Re: [PATCH] rcu: Make jiffies_till_sched_qs writable

Joel Fernandes <joel@xxxxxxxxxxxxxxxxx> · Fri, 12 Jul 2019 09:43:11 -0400

On Fri, Jul 12, 2019 at 06:02:42AM -0700, Paul E. McKenney wrote:
> On Fri, Jul 12, 2019 at 08:51:16AM -0400, Joel Fernandes wrote:
> > On Fri, Jul 12, 2019 at 03:32:40PM +0900, Byungchul Park wrote:
> > > On Thu, Jul 11, 2019 at 03:58:39PM -0400, Joel Fernandes wrote:
> > > > Hmm, speaking of grace period durations, it seems to me the maximum grace
> > > > period ever is recorded in rcu_state.gp_max. However it is not read from
> > > > anywhere.
> > > > 
> > > > Any idea why it was added but not used?
> > > > 
> > > > I am interested in dumping this value just for fun, and seeing what I get.
> > > > 
> > > > I wonder also it is useful to dump it in rcutorture/rcuperf to find any
> > > > issues, or even expose it in sys/proc fs to see what worst case grace periods
> > > > look like.
> > > 
> > > Hi,
> > > 
> > > 	commit ae91aa0adb14dc33114d566feca2f7cb7a96b8b7
> > > 	rcu: Remove debugfs tracing
> > > 
> > > removed all debugfs tracing, gp_max also included.
> > > 
> > > And you sounds great.

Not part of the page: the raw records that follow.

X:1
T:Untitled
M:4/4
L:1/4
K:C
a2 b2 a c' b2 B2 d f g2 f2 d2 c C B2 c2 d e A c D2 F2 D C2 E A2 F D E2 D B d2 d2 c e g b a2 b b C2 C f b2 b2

And even looks not that hard to add it like,
> > > 
> > > :)
> > > 
> > > diff --git a/kernel/rcu/tree.c b/kernel/rcu/tree.c
> > > index ad9dc86..86095ff 100644
> > > --- a/kernel/rcu/tree.c
> > > +++ b/kernel/rcu/tree.c
> > > @@ -1658,8 +1658,10 @@ static void rcu_gp_cleanup(void)
> > >  	raw_spin_lock_irq_rcu_node(rnp);
> > >  	rcu_state.gp_end = jiffies;
> > >  	gp_duration = rcu_state.gp_end - rcu_state.gp_start;
> > > -	if (gp_duration > rcu_state.gp_max)
> > > +	if (gp_duration > rcu_state.gp_max) {
> > >  		rcu_state.gp_max = gp_duration;
> > > +		trace_rcu_grace_period(something something);
> > > +	}
> > 
> > Yes, that makes sense. But I think it is much better off as a readable value
> > from a virtual fs. The drawback of tracing for this sort of thing are:
> >  - Tracing will only catch it if tracing is on
> >  - Tracing data can be lost if too many events, then no one has a clue what
> >    the max gp time is.
> >  - The data is already available in rcu_state::gp_max so copying it into the
> >    trace buffer seems a bit pointless IMHO
> >  - It is a lot easier on ones eyes to process a single counter than process
> >    heaps of traces.
> > 
> > I think a minimal set of RCU counters exposed to /proc or /sys should not
> > hurt and could do more good than not. The scheduler already does this for
> > scheduler statistics. I have seen Peter complain a lot about new tracepoints
> > but not much (or never) about new statistics.
> > 
> > Tracing has its strengths but may not apply well here IMO. I think a counter
> > like this could be useful for tuning of things like the jiffies_*_sched_qs,
> > the stall timeouts and also any other RCU knobs. What do you think?
> 
> Is this one of those cases where eBPF is the answer, regardless of
> the question?  ;-)

It could be. Except that people who fancy busybox still could benefit from
the counter ;-)

And also, eBPF uses RCU itself heavily, so it would help if the debug related
counter itself didn't depend on it. ;-)

thanks,

- Joel